It's one of the methods that converge really quickly, you double the number of correct digits with each step (that statement is independent of the base, and applies once you start getting some correct digits).

x < x * x is only true for x>1, but that's not relevant here.

What we do need (for x>0 and y>0): if x < y then y/x > 1 or equivalently y^2 / x > y. Same for the other direction, if x > y then y^2 / x < y. Here y is the square root we are looking for. This inequality makes sure one of our numbers is always too small while the other one is too large, i.e. the square root is in between.

As mentioned, a calculator will typically do it a bit differently. Usually numbers are stored in floating point format. 40 wouldn't be stored as "40", but as 1.01*2^5 where 1.01 is a binary number. 1.01*2^5 = 101000 in binary which is 32+8=40 in decimal.

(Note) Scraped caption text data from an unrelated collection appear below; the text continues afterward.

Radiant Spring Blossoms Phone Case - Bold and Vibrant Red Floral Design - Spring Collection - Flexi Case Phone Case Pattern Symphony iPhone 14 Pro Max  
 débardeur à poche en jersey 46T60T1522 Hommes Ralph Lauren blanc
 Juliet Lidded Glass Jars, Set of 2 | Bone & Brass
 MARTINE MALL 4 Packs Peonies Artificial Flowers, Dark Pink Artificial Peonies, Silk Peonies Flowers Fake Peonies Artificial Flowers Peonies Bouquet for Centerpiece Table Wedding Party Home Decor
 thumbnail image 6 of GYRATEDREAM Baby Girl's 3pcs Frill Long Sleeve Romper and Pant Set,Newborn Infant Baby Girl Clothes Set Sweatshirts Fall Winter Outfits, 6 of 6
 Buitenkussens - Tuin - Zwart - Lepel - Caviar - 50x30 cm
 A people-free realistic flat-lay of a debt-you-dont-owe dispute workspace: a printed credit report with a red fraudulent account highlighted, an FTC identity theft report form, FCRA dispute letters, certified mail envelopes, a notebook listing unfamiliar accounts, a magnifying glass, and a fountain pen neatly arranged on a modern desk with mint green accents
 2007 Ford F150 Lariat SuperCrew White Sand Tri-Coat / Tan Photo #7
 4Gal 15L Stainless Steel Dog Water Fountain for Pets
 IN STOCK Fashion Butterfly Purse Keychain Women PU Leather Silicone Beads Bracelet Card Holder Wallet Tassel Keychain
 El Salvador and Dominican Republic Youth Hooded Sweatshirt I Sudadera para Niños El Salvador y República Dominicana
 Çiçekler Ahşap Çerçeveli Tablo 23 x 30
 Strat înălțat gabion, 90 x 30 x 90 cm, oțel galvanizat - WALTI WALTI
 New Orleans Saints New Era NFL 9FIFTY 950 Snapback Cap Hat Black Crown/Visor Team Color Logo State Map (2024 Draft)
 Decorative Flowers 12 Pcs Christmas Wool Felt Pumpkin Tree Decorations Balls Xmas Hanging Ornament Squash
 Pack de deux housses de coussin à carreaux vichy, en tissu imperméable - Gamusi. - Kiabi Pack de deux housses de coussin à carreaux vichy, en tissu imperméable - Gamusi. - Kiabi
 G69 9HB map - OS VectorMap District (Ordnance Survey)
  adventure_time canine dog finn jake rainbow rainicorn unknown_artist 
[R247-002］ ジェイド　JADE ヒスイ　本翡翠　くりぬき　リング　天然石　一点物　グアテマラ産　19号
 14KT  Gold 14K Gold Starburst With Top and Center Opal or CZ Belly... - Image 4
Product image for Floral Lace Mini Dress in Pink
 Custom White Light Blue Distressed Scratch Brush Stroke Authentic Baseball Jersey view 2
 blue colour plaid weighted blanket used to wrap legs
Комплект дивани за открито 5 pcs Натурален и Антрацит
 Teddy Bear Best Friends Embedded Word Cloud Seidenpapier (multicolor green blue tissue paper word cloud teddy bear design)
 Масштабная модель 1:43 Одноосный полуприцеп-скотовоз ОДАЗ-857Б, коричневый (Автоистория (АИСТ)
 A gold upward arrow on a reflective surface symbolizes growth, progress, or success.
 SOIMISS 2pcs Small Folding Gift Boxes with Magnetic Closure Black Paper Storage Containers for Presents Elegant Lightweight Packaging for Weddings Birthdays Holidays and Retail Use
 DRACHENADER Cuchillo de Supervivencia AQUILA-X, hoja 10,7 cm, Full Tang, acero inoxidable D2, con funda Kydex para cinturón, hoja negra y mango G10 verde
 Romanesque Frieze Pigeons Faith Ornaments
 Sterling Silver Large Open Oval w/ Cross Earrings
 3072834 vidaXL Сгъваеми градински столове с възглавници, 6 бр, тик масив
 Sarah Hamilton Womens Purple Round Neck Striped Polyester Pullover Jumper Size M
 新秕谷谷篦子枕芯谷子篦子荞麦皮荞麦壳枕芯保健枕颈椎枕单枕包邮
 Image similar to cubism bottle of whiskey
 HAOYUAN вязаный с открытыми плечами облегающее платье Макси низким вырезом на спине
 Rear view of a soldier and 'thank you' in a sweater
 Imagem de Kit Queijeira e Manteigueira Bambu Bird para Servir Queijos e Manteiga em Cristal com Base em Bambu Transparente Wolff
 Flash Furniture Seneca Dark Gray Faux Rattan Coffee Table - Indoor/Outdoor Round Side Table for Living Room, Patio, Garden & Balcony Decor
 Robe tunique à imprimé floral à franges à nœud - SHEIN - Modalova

The square root of a product of two numbers is the product of square roots: sqrt(a*b) = sqrt(a)*sqrt(b). To calculate the square root of 2^(n), we just need to divide n by 2: sqrt(2^(5)) = 2^(5/2) = 2^2 * sqrt(2). The calculator knows sqrt(2), so it only needs to calculate the square root of 1.01 (in binary), or more generally any number between 1.0 and 1.111... = 10 (i.e. 2 in decimal). The smallest and largest number only differ by a factor 2. You can make a few entries in a table to use as starting values, or just use the same value for all cases - it won't be that far off anyway. Do a few steps of the method I showed, multiply the result by the square root of 2 if needed (if the original exponent was odd), combine it with the integer powers of 2 (here 2^(2)) and you get the square root.

You don't need a table of squares. This method works, even if you don't start with a square. You just need to start as close as possible to the square root.

Even some crude approximation, like "closest power of 10", is enough for the initial value.

> and every stay is "squared"

Huh?

Bit shifts multiply by powers of 2.